> _RECORDS TO USE_
++++++++++++++++++++

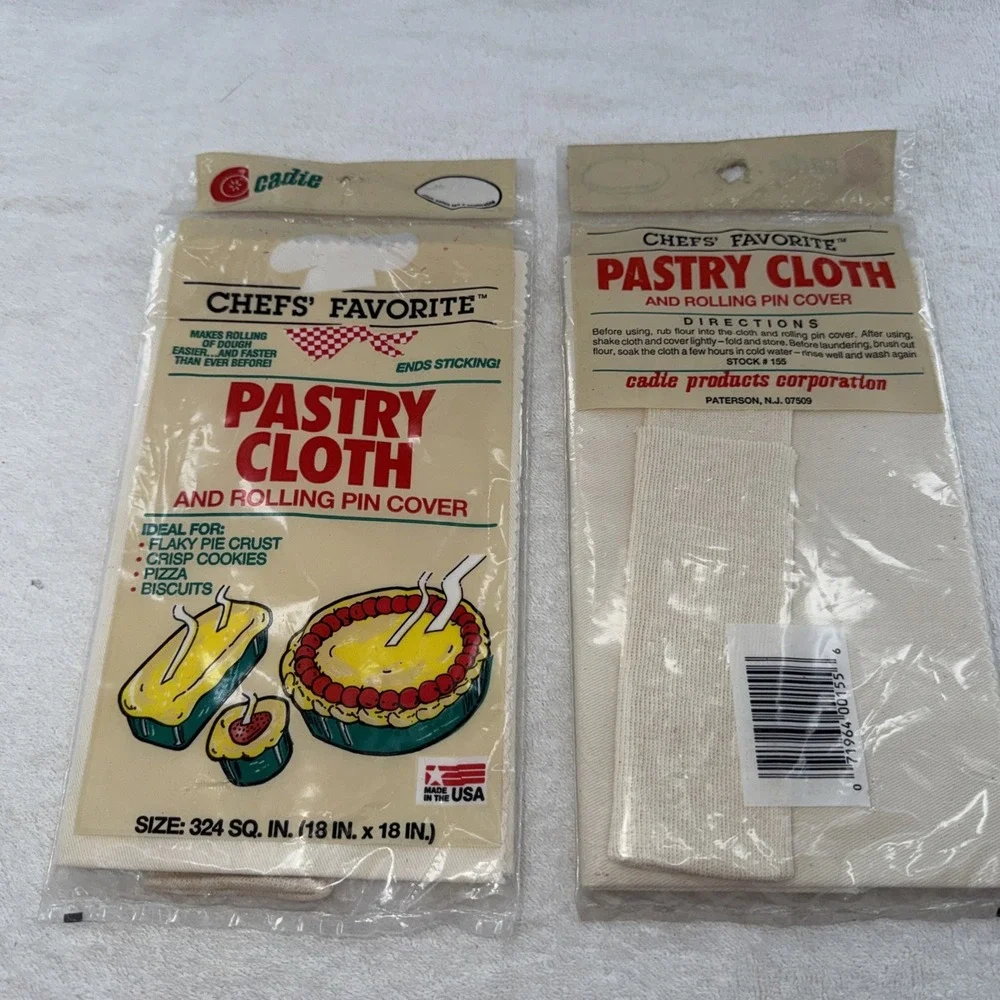 Vintage Pastry Cloth & Rolling Pin Cover Cadie Chef's Favorite 18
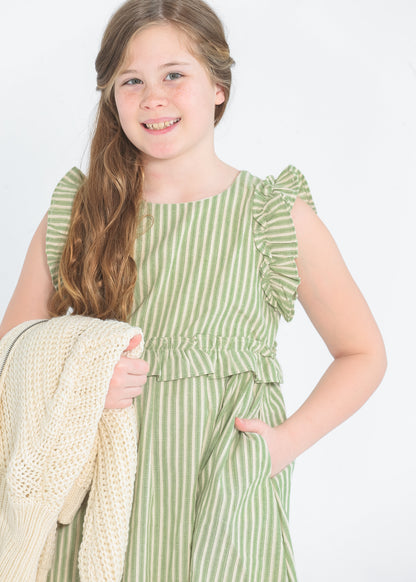 Girl's Linen Feel Striped Ruffled Dress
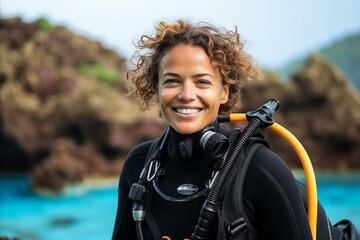 Sticker - Portrait of a beautiful young woman with scuba diving equipment in the sea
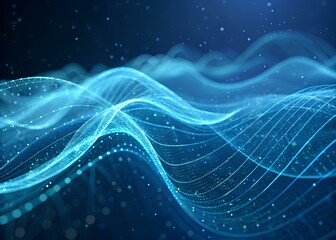 Futuristic Blue Wave Lines on Dark Blue Starry Background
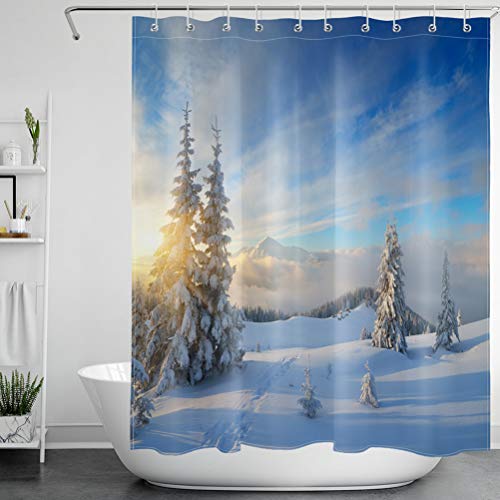 LB Schnee Wald Duschvorhang Winter Berge Bad Vorhänge Weihnachten Extra Lang Anti Schimmel Wasserdicht Polyester Badezimmer Deko mit Haken,180X200cm von LB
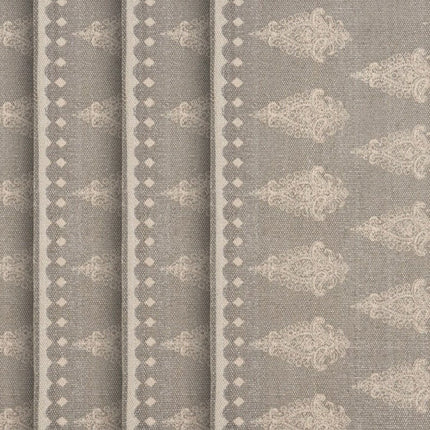 19" Set of Four Gray And Cream Geometric Medallion Cotton Placemats HomeRoots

++++++++++++++++++++

> _WHAT YOU WILL DO_
Copy out every entry above exactly. Leave the pictures out.

> _RESPONSE TO THIS TASK_
 Vintage Pastry Cloth & Rolling Pin Cover Cadie Chef's Favorite 18
 Girl's Linen Feel Striped Ruffled Dress
 Sticker - Portrait of a beautiful young woman with scuba diving equipment in the sea
 Futuristic Blue Wave Lines on Dark Blue Starry Background
 LB Schnee Wald Duschvorhang Winter Berge Bad Vorhänge Weihnachten Extra Lang Anti Schimmel Wasserdicht Polyester Badezimmer Deko mit Haken,180X200cm von LB
 19" Set of Four Gray And Cream Geometric Medallion Cotton Placemats HomeRoots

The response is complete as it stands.